Closed ghost closed 7 years ago
ack
@lewismc @heidiaclayton we should consider incrementing the version number when this gets implemented so that we can tell our USGS-classified and ASTER-classified files apart.
@heidiaclayton @lewismc as discussed in our last meeting, i have bumped this to the new 0.3 milestone which is tentatively due 2017-04-21.
as mentioned, adding a method to convert the ASTER database to sqlite would be useful.
@browtayl @lewismc I'm planning on making another class inside mineral.py to implement ASTER. how does this sound?
Also, @browtayl , do you know if it's possible to create a general-purpose ASTER .hdr file, or does it have to be resampled for a specific image each time?
create_envi_spectral_library(spectrumIDs, bandInfo) Creates an ENVI-formatted spectral library for a list of spectra. Arguments: spectrumIDs (list of ints): List of SpectrumID values for of spectra in the “Spectra” table of the ASTER database. bandInfo (BandInfo): The spectral bands to which the original ASTER library spectra will be resampled. Returns: A SpectralLibrary object.
@browtayl I created an ENVI spectral library with the method you used here, however there a lot of no data values in the spectra.
There are several possibilities here:
1) Make MineralClassification
take an asterLibraryFilename
parameter and convert the library to a suitable SpectralLibrary
instance on instantiation. You have said that this conversion takes ~20 minutes which makes this option sound very inconvenient.
2) Add a method somewhere to convert a raw ASTER database file to a .sqlite
file and add an asterDatabaseFilename
parameter to MineralClassification
to point to it.
3) Add a method somewhere to convert a raw ASTER database file to an ENVI spectral library file, a general-purpose .hdr
as you say. Then the MineralClassification
constructor could take the file name to an arbitrary ENVI spectral library with libraryFilename
.
4) Add a method somewhere to convert a raw ASTER database file to a SpectralLibrary
instance and do the resampling at instantiation. Same time constraints as before.
Personally I would lean towards (3). All you would have to do once you have converted ASTER into a SpectralLibrary
instance is call its save(fileBaseName, description=None)
method. So the method to create would have a signature like asterToEnvi(asterFilename, enviFilename)
. Since it would only be called once, you could make the case that it belongs either inside MineralClassification
or in its own class.
Implement it however you think is easiest and most elegant. A working implementation is more persuasive than a hypothetical argument.
I don't know what to do about the No data
values. They are currently handled correctly by the classification code, so it's probably not a big deal since they get mapped to zero. It probably does distort the spectral angle mapper algorithm somewhat, but that's more the algorithm's fault than the data's. A machine-learning algorithm would have an advantage here.

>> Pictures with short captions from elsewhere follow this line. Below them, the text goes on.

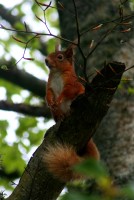 Click to view full-size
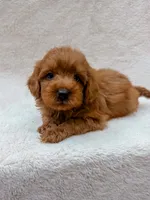 Red, a male Cavapoo for sale in Batesville, AR – 2 of 8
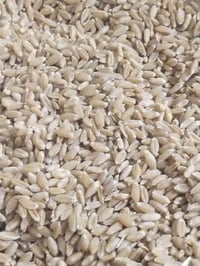 حنطه عربيه بنت الچيس طن أونص مكلف بل نشر07701026536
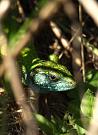 Lacerta viridis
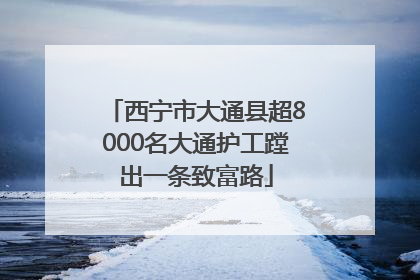 西宁市大通县超8000名大通护工蹚出一条致富路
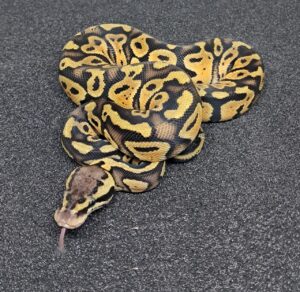 Pastel Jester HET Clown Ball Python Female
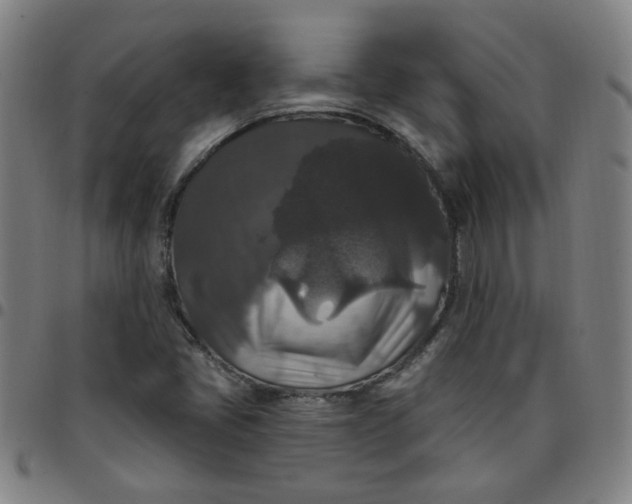 X0000097491405200803071729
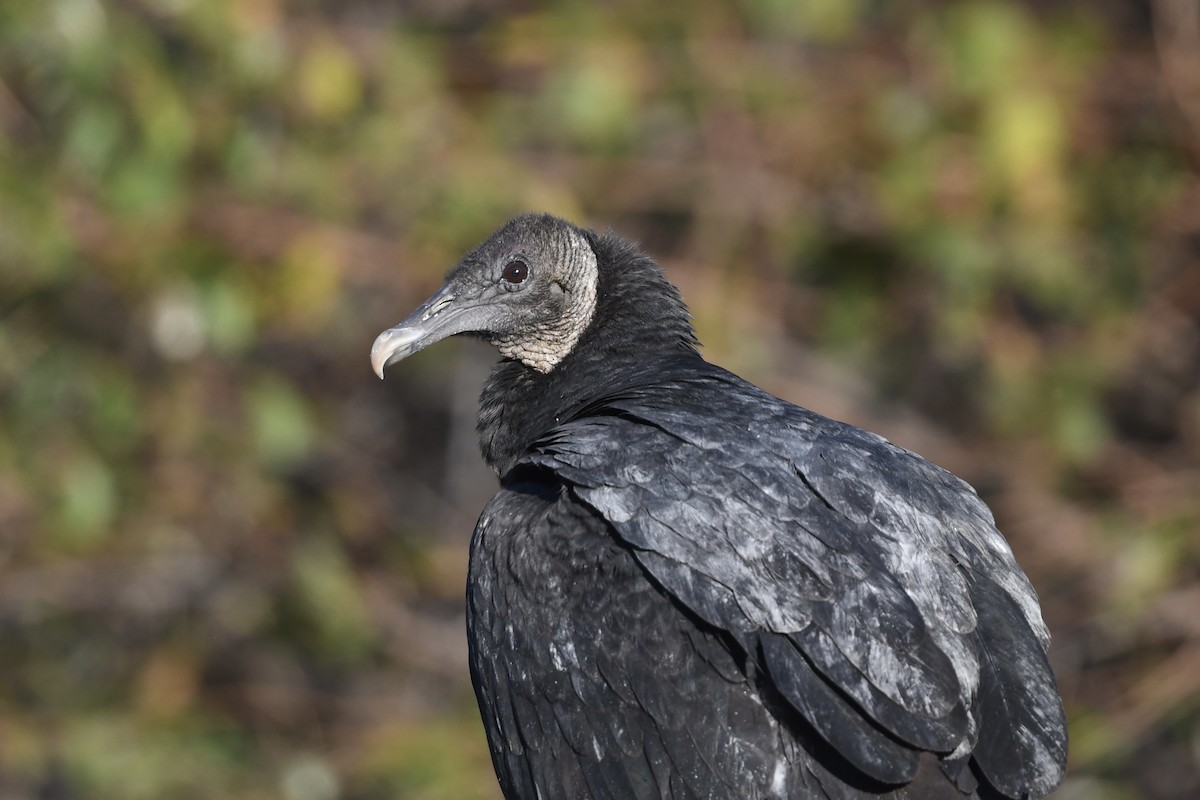 Black Vulture - ML646659144
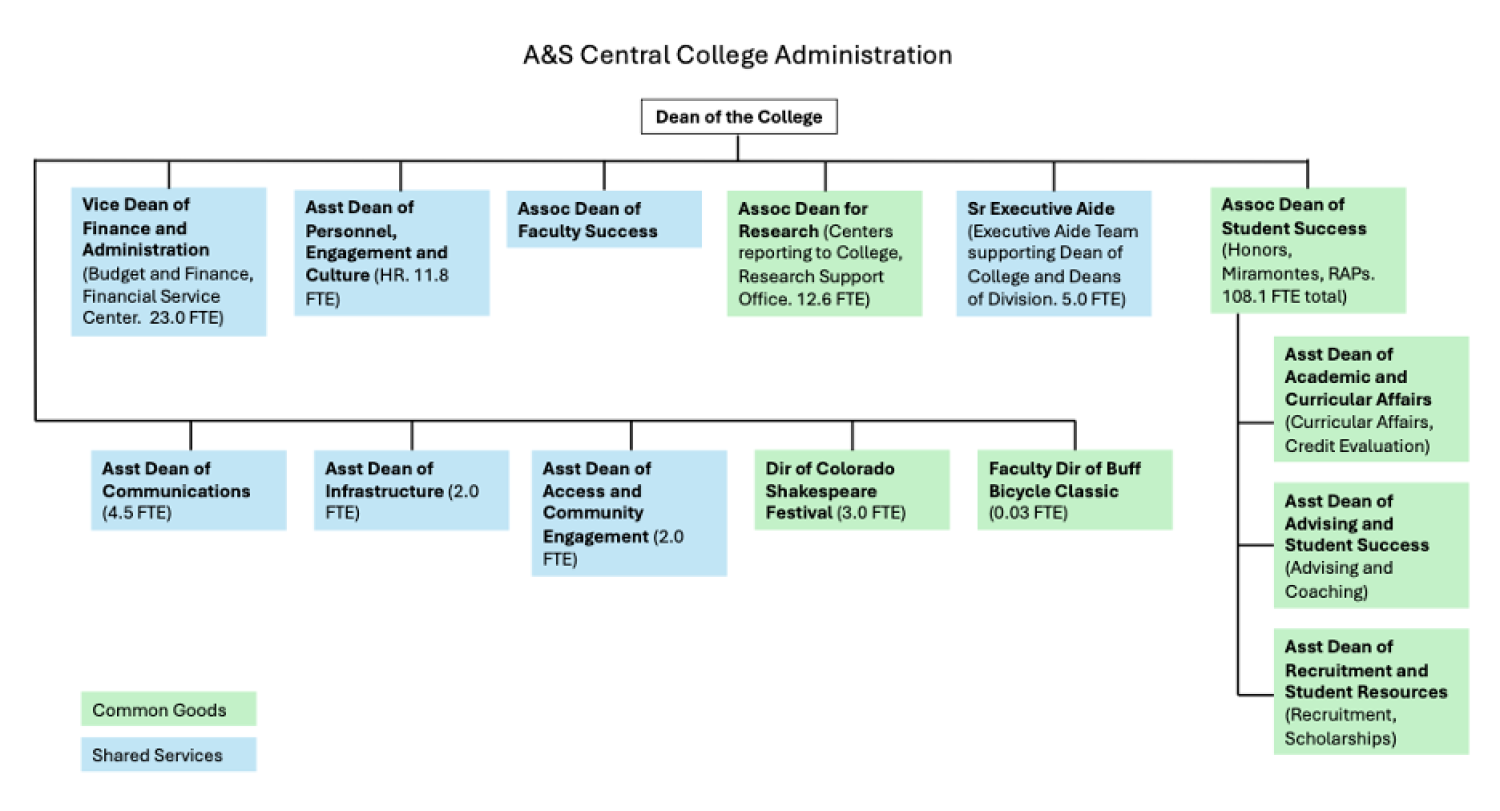 College org chart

Regarding resampling, the image is resampled to the dimensions of the library at classification time, not vice versa. Currently with USGS the images are resampled down to 224 bands. With ASTER I chose 128 arbitrarily, in which case images would be resampled down to same. What we really want is an ideal tradeoff between dimensionality and accuracy, but who knows what that is.
Thanks for taking the lead on this component. Supporting the most extensive spectral library available will add huge value to this project, especially since I found in the subset and threshold issue that classifying with a full library gives better results than with a subset. Using ASTER would be an excellent choice for processing AVIRIS data en masse with XSEDE.

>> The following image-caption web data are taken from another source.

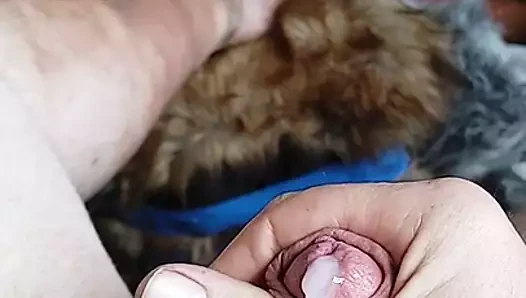 sandalyede cumming.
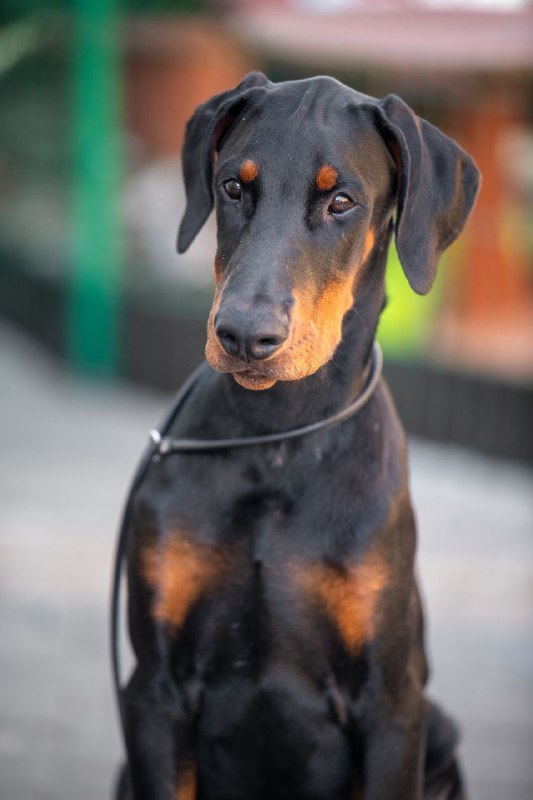 Abram Dobermann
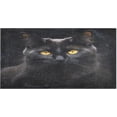 thumbnail image 1 of SKYSONIC Black Cat Pattern Kitchen Mats 20"x39" Absorbent Non Slip Runner Rug Machine Washable Kitchen Floor Mat for Home Bathroom Door, 1 of 7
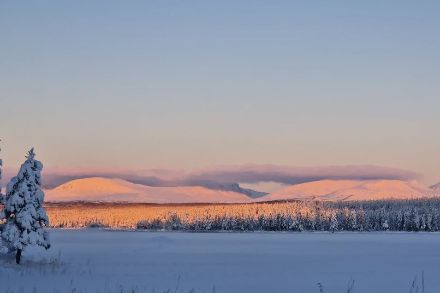 16. November in der Region des Storjö-Sees (Foto: Britt Ellénius, www.svt.se)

@heidiaclayton Currently reviewing your code. One thing I notice about the ASTER library is that although it contains more samples than the USGS library, it only includes a tiny subset from the USGS library. For example, schwertmannite is not in ASTER. Eventually we might want to be able to fully merge the two somehow, but for now ASTER processing is experimental.
Also we probably don't need to be searching for lunar soil lol.
And it appears that the many ancillary files don't contain spectra at all but extra information such as chemistry.
Implemented in pulls https://github.com/capstone-coal/pycoal/pull/76 and https://github.com/capstone-coal/pycoal/pull/77. Being able to convert an ASTER database to an ENVI file without digging around in the Spectral Python docs is super useful, but as previously mentioned extra work might be needed to combine it with the USGS database. I think we can save that for a future issue and consider this issue closed. Thanks @heidiaclayton for the addition.
@lewismc @heidiaclayton this issue is to continue work from issue https://github.com/capstone-coal/pycoal/issues/18 and pull https://github.com/capstone-coal/pycoal/pull/44 to implement ASTER support for mineral classification. hopefully the additional samples will improve accuracy.
see commit https://github.com/browtayl/coal/commit/1e58d1237811dc8c46da493e3aeb9bb0fe819e9c in branch https://github.com/browtayl/coal/tree/ISSUE-36-mineral-classification-aster for my preliminary work on this. as discussed, we would like to implement a method to convert ASTER into a SpectralLibrary compatible format that can be consumed by the constructor. decisions will need to be made about how best to resample the library.